Lorsque le pain fut tout donné — et il n'y en avait pas une bien grosse provision — elle essaya de cueillir une touffe d'herbe et de la présenter au museau que la chèvre tendait encore, mais celle-ci trouva mauvais qu'on lui offrît, après un mets délicat, sa chère ordinaire, et se détourna d'un air offensé. Puis comme Charlot, plus hardi que sa soeur, insistait d'une manière indiscrète, elle lui détacha un coup de corne, qui ne le blessa nullement, mais le fit fuir à vingt pas. Alors, certain d'être à l'abri de la pauvre prisonnière, il s'arrêta, ramassa une grosse motte de terre et la lui lança de toutes ses forces. La motte se brisa en morceaux avant d'atteindre son but, et la chèvre n'eut pas plus de mal que n'en avait eu le petit garçon lui-même; mais elle était excitée, et si son corps avait pu suivre sa tête à travers l'étroite ouverture, elle se serait vengée de son petit persécuteur. Lui aussi était en colère; nous savons qu'il ne fallait pas beaucoup pour cela. Il ramassa une grosse pierre qui se trouvait sur le chemin, et il allait la lancer contre la pauvre bête, malgré un cri suppliant de Petite mère, lorsqu'une main l'arrêta et lui enleva la pierre, qu'elle jeta au loin.
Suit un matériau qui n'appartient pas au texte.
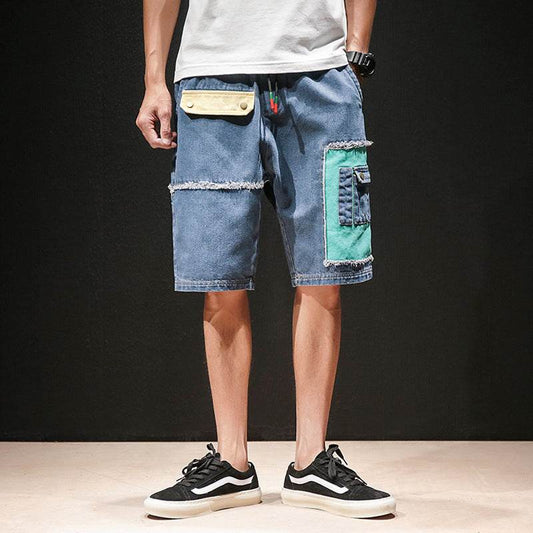 Contrast Oversized Cargo Shorts - Mubimart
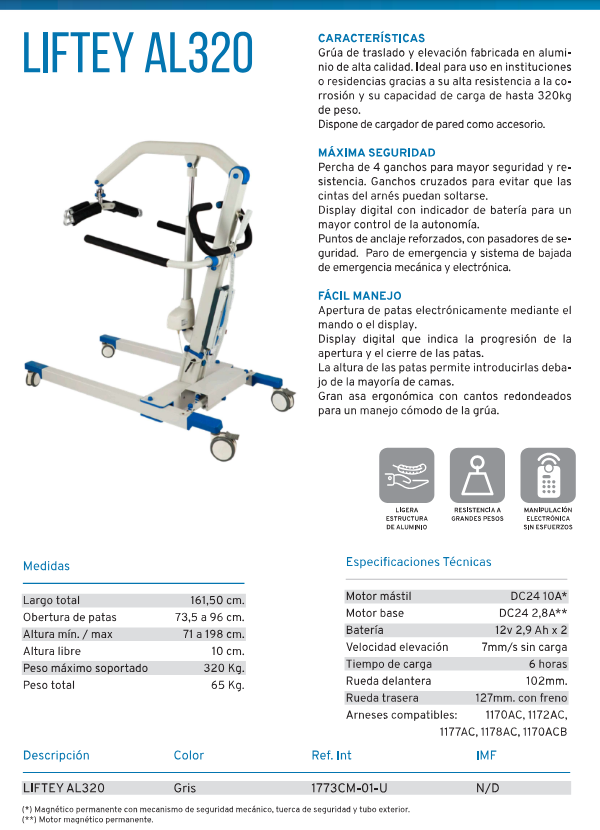 Liftey 320 grúa de traslado de aluminio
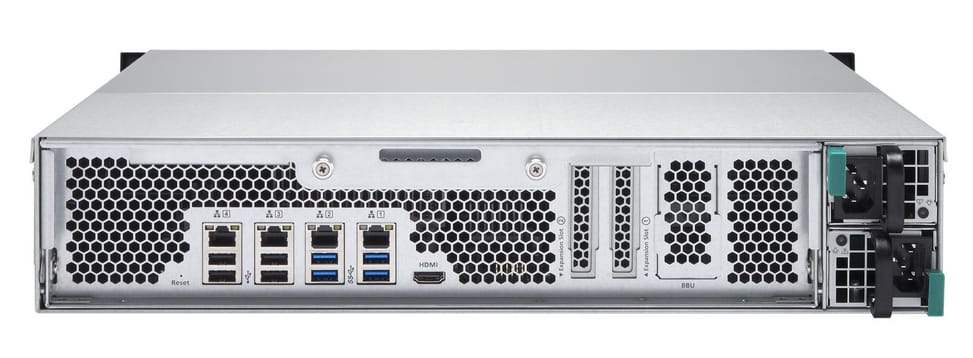 Serveur NAS professionnel 12 baies Rackable QNAP TS-1263U-RP avec alimentation redondante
— Tu es donc un méchant garçon, lui dit Sylvanie? Je n'aurais jamais cru que tu voudrais me remercier en assommant ma chèvre.
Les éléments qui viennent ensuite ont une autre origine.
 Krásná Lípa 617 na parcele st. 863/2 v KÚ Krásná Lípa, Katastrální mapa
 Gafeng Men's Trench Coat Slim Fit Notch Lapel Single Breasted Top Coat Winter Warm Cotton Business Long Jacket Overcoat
— Elle m'a donné un coup de corne.

— Que lui avais-tu fait?

— Je lui avais donné du pain.

— Tu l'avais sans doute irritée, et une chèvre ne sait pas ce qu'elle fait, tandis qu'un petit garçon le sait, lui. Allons, venez vous coucher, le soleil nous a donné l'exemple, et nous devons nous lever demain matin avant lui pour partir.

Il y avait du foin sous un petit hangar. Sylvanie, aidée des enfants, en transporta dans un coin de la cuisine pour en faire un lit qui, s'il n'était ni bien épais ni bien moelleux, était pourtant assez bon pour qu'on pût y dormir.

Lorsque les dernières lueurs du jour s'éteignirent dans la nuit, tout le monde dormait dans la petite maison sur la lisière du bois. Tout le monde, excepté pourtant la pauvre grand'mère qui n'avait plus beaucoup de sommeil et que la défiance tenait éveillée.

— Ces enfants de Paris, ça ne vaut pas grand'chose. Il ne faut dormir que d'un oeil, car ils sont capables de tout, se disait-elle.

Pourtant, un peu après minuit, comme ils n'avaient pas fait un mouvement et qu'elle n'entendait que leurs respirations égales et douces, elle s'endormit à son tour.